Facebook’s response was petulant and childish. This is not Canada’s fault any more than it was the fault of other countries who enacted the same regs.
Oh. You didn’t know there were others?
There’s only one country with even a remotely similar legislation, that being Australia. Facebook got the amendments it wanted before the Australian Code received royal assent.
If you’re going to cry foul about how Facebook is following the legislation Canada is putting in place, you’ll need to try harder than that.
The legislation isn’t even in place yet, and FB are acting like Trudeau just nut punched Zuckerburg.
FB didn’t want to talk. If they did, they would say they are in talks.
What FB wanted, was to be a bully and have the law repealed. Not have it adjusted.
“More than ever, this kind of dangerous situation shows how having more access to trustworthy and reliable information and news is vital for so many of our communities to be informed about the current emergency.”
Facebook isn’t trustworthy. Tech bros can’t be trusted.
It’s not like the internet has been removed. Social media isn’t the internet. News sites are still accessible. As is the whole internet. People need to get their head out of their asses already. This problem is farcical. Life threatening situation, ‘oh no my facebook is broken what will I do?!?11’. How did we even get to this point. The internet circa 90s and early 2000s is laughing their asses off at all this. PEBKAC.
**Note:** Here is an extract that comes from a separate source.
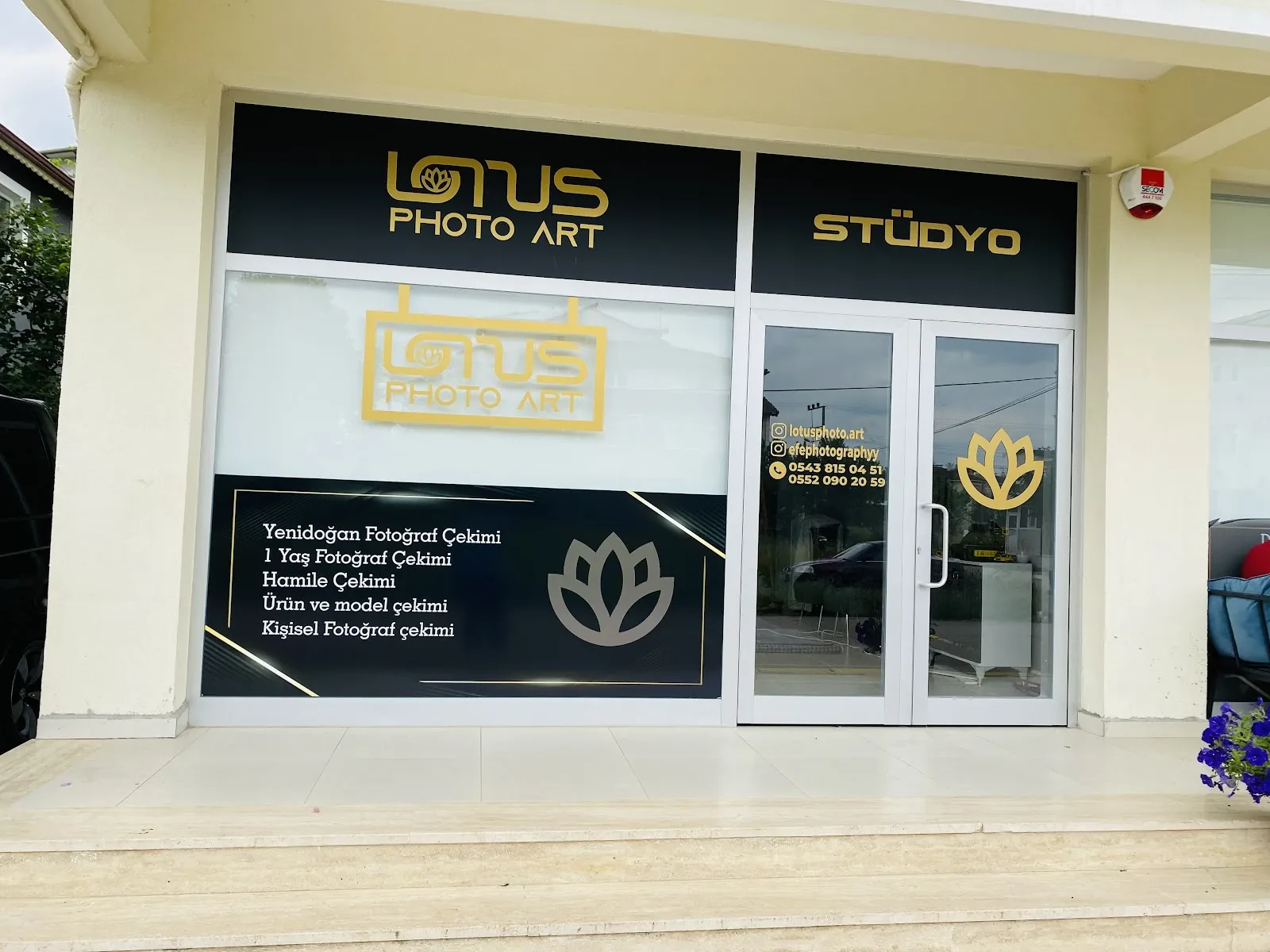 Lotus Photo Art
The real issue is whether these apps should carry emergency alerts and information
Should they? Absolutely. Should they be forced to? I don’t think so.
But, it seems like an easy gesture of goodwill to do it, if there’s a system in place for it.
It’s more than time that we show these private platforms that they can’t act however they want if they want to do business in our country without paying a cent of taxes on the profit they make here. Yes they should be forced to pay by our rules or face the prospect of being outright banned in Canada.
We made the rules, and now they’re playing by them. You can force them to pay for news links, but you can’t force them to display news links and make them pay for them.
So they shouldn’t compensate the people whose work brings them profit? Know what we call that in the physical world?
Stealing.
If the government is willing to make an exception for emergency news, that Meta proved they’re able to do it in Australia and even told the Canadian government it’s something they could do, then who’s in the wrong here?
So Lemmy instance admins should be paying for all the links on their sites too?
Whose work is bringing who profit?
The cruel reality is that the Canadian media need Facebook more than Facebook needs Canadian media.
Journalists and media company produce content, journalists are paid by media company that profit from their work and pay taxes on that profit.
Facebook is used to share content from media companies and make profit from it, they don’t compensate media companies or pay taxes in Canada.
Media companies receive a small bump in traffic compared to the total number of views, they get a small bump in profit from ads revenues on their website and they pay taxes on it.